Dense Prediction Methods
This class of methods predicts dense representations that can be leveraged to estimate pose. A popular work in this class of methods, “PVNet: Pixel-wise Voting Network for 6DoF Pose Estimation” predicts per-pixel vector fields for each keypoint that are then used in conjunction with RANSAC to vote for keypoint locations. These 2D keypoint locations are then used with PnP to solve for object pose as sparse keypoint methods do. Another popular work in this class of methods is “ROCA: Robust CAD Model Retrieval and Alignment from a Single Image,” which predicts 2D-3D correspondences in the Normalized Object Coordinate (NOC) space along with depth maps to regress pose parameters. A downside of this dense prediction approach is that it requires high-quality annotations that are often difficult to acquire outside of simulation.
Iterative Pose Refinement
This method can be applied to any of the previously mentioned methods.
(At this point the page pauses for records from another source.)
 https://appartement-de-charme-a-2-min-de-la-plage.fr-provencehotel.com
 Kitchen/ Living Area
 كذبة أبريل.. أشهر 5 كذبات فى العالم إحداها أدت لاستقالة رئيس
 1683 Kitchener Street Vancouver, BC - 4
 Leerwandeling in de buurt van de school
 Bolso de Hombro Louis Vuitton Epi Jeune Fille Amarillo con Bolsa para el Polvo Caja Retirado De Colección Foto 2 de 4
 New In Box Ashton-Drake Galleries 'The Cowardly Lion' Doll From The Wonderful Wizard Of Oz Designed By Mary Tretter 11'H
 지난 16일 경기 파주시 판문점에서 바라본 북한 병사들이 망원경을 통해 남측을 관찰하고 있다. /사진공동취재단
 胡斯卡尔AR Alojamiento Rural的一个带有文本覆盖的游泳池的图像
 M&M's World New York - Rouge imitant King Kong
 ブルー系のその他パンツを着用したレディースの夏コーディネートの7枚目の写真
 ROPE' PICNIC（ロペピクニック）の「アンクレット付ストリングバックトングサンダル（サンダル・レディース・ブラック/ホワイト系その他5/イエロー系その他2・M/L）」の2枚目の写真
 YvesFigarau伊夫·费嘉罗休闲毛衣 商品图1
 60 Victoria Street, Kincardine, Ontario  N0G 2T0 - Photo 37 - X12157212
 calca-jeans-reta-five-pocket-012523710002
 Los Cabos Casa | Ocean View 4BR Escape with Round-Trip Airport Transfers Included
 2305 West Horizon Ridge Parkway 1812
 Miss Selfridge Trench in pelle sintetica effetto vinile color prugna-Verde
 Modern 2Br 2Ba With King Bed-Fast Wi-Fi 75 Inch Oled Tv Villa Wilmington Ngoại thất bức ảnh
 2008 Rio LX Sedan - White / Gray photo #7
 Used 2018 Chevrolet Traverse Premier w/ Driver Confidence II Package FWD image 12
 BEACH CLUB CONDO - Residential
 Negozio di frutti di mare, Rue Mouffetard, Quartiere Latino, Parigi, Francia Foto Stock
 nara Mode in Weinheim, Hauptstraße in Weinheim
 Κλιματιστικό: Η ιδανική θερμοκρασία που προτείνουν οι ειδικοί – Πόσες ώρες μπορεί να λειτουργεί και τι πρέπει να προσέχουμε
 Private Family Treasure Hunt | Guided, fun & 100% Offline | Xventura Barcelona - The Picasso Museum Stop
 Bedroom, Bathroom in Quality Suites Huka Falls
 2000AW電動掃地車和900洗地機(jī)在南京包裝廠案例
As the name suggests, this technique can refine initial pose estimates by initializing predictions with these initial estimates and continuously predicting and initializing for multiple time steps until the pose difference between the predicted pose and ground truth pose is below a certain threshold. Although this method yields accurate pose estimates, it comes at a cost in efficiency. A popular work that uses this iterative refinement method is “DeepIM: Deep Iterative Matching for 6D Pose Estimation.”